It used to be that you’d buy a black and white classifieds rag from the petrol station down the road if you wanted to find a bargain — many of them lurking in pages with no imagery, just four lines of text. “1983 Toyota Corolla. Mint. Drives perfect. As is where is.”

Nowadays buying a car can be quite a complicated exercise, even before you consider things like finance and insurance. And the advent of Facebook Marketplace as a tool to truly rival a juggernaut like TradeMe has only further stirred the pot.

The social media website’s trading section has become a target for some scam artists. One of the latest cases concerns Auckland man Tony Bing. Speaking to Stuff, Bing was surprised to find the 2008 BMW 335i that he has listed for sale on TradeMe has also been listed for sale on Facebook Marketplace under the name of a complete stranger, and for less than half the price.

“The buyer contacted me wanting to negotiate the price down to $6000, which got me a bit confused because I had listed it on Trade Me for $15,000. I eventually figured out the buyer was referring to a Facebook listing which I had no idea about,” Bing told Stuff.

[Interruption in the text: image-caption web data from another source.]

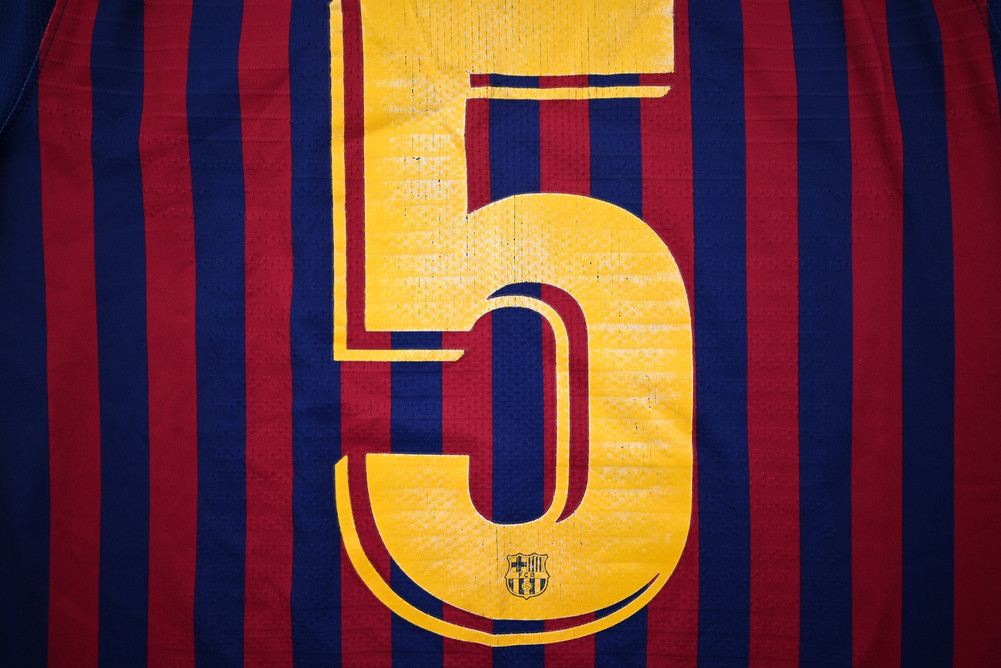 2018-19 BARCELONA *SERGIO* PLAYER ISSUE VAPORKNIT SHIRT S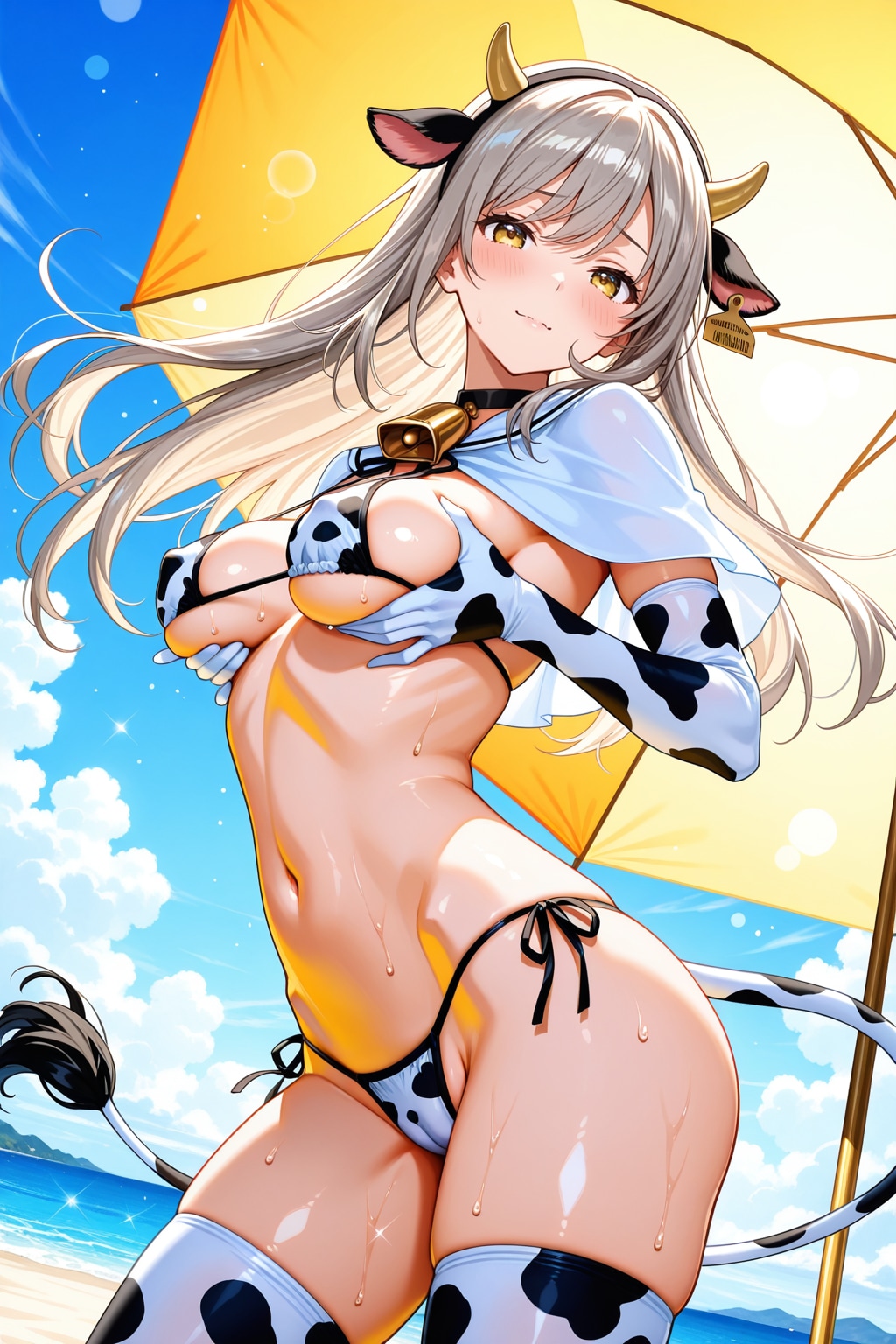 牛柄ビキニのシスターさん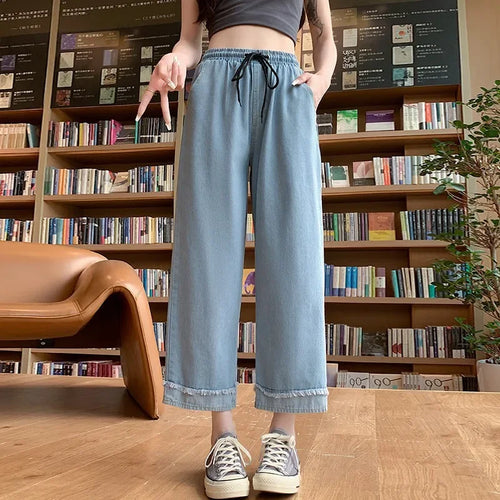 High Waist Straight Leg Casual Denim Pants Loose Wide Leg Crop Jeans Plus Size Comfortable Trousers For Women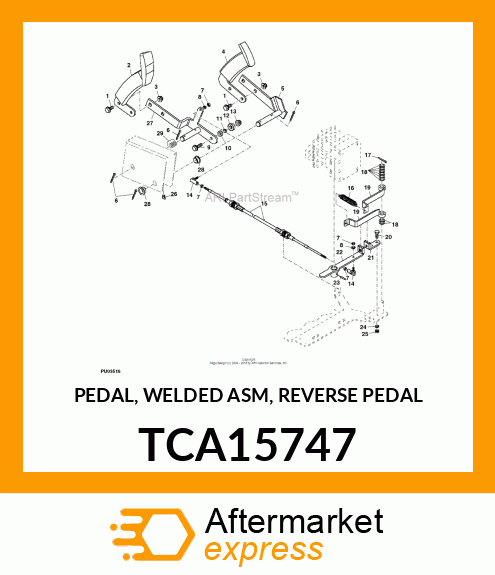 PEDAL, WELDED ASM, REVERSE PEDAL TCA15747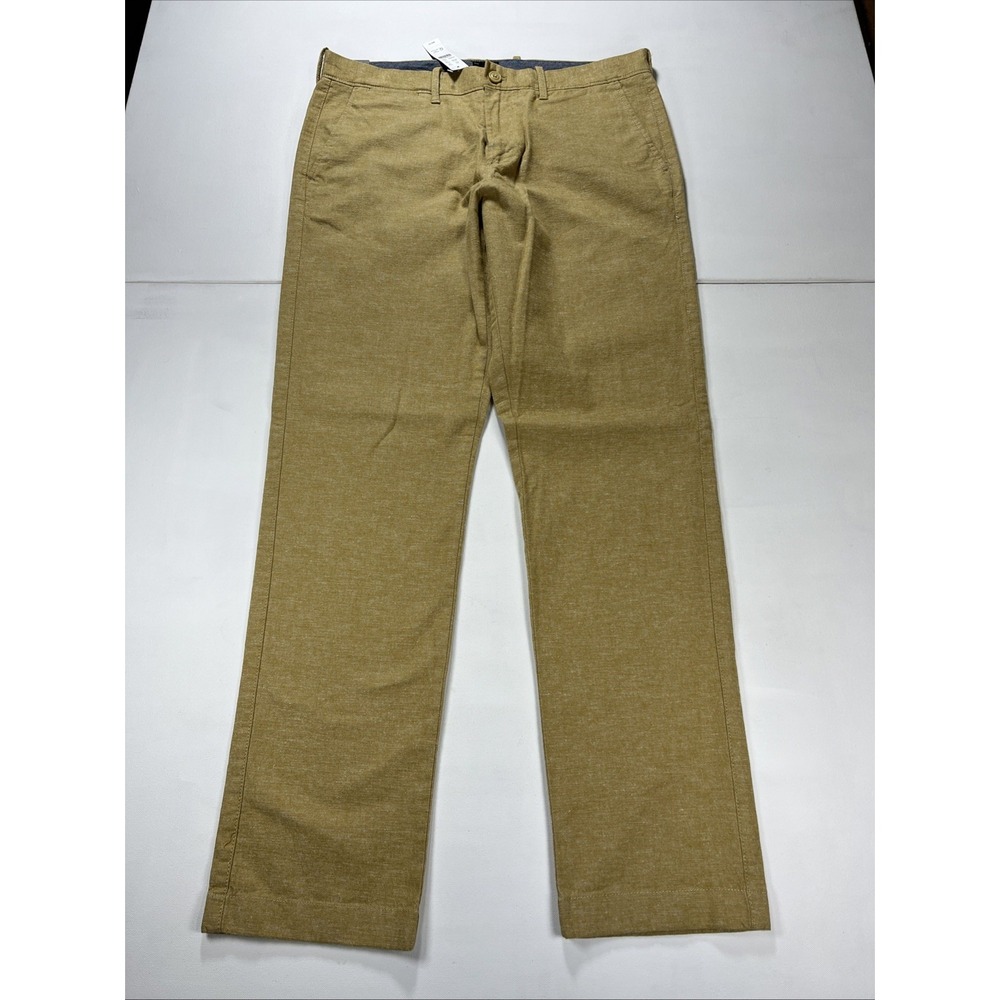 J Crew Pants 770 Straight Mens 33 X 32 Beige Linen Blend Chino Tan Preppy NWT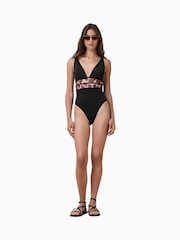 AllSaints Black Xalia Mesh Leopard Print Swimsuit - Image 3 of 8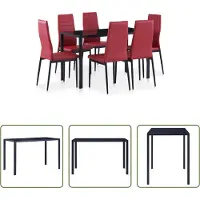 The Living Store Eettafel - Eetkamerset - 7-delige Eethoek wijnrood - Eetkamerstoel - Salon Meubilair - Rood Meubilair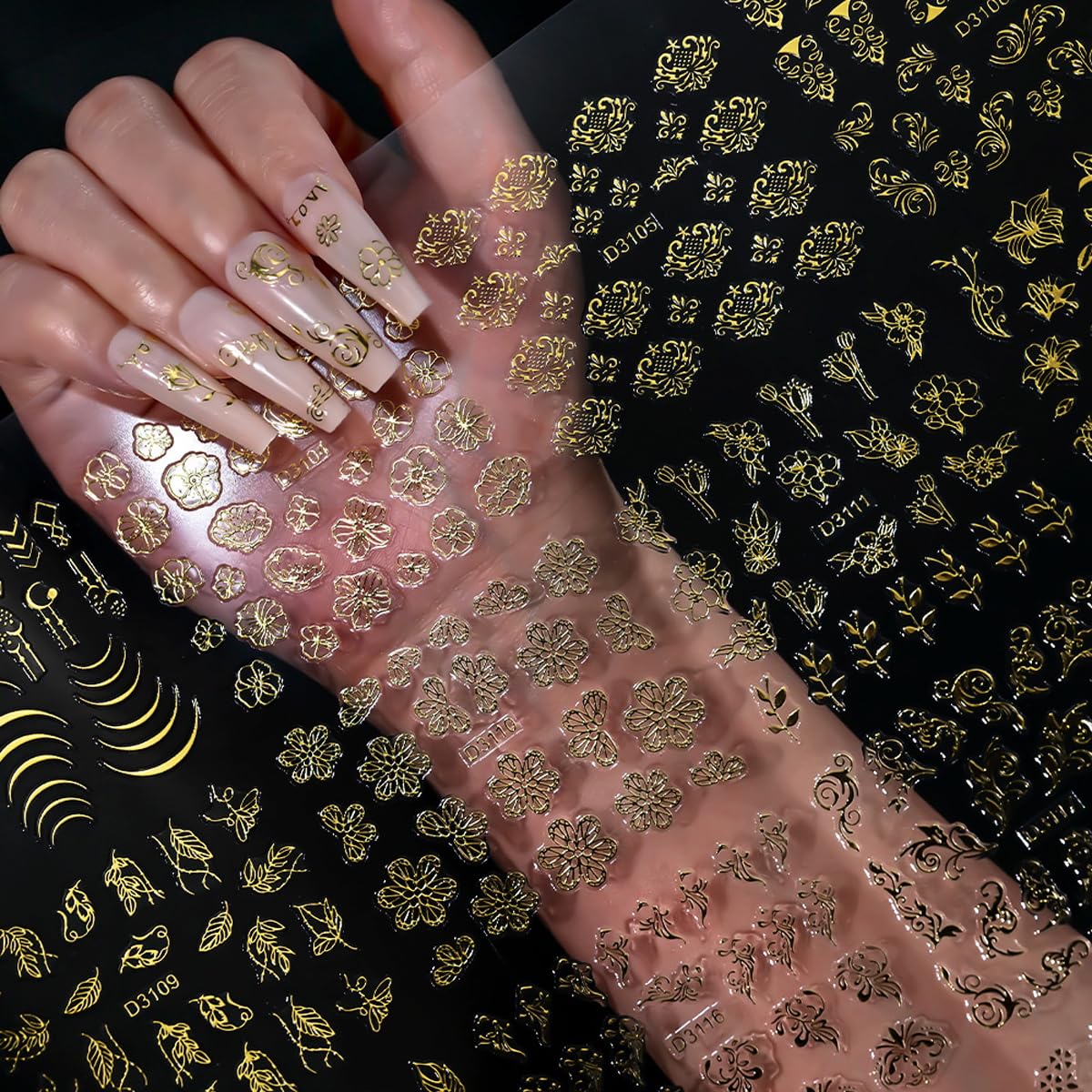30 Sheets Gold Nail Art Stickers Lace Flower 3D Self Adhesive Leaf Nail Decals Hollow Retro Floral Nail Sticker Baroque Court Supplies for Women DIY Manicure Nail Art Decoration Accessories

“It’s a little frustrating that no one’s been able to do anything. My concern is more for other people who could potentially fall for it and pay money to buy my car, and they lose money. The only contact they have if they’re scammed is mine on my Trade Me listing or the car registration, which points back to me not the person running the scam.”

While classifieds websites like TradeMe and eBay have a raft of safety nets for buyers and sellers who fall foul of scammers, Facebook Marketplace isn’t nearly as complex or regulated. Bing struggled to get the fake vehicle listing removed, even after contacting Netsafe, the police, and Facebook.

Unlike Facebook, a website like TradeMe has a feedback system, payment alternatives like Afterpay that can automatically perform refunds if buyers are unhappy with products or if things don’t show up, and many other protections.

While Facebook Marketplace is clearly not perfect, there’s a raft of things you can do as a buyer to help ensure that your experience is scam free.

When it comes to cars, make sure you try before you buy to ensure that the lister and the car are actually connected, and to make sure the car functions as described. Research the car before committing so that you know what to look for. And, if you get a hunch that you’re being shafted, know that you can walk away at any point.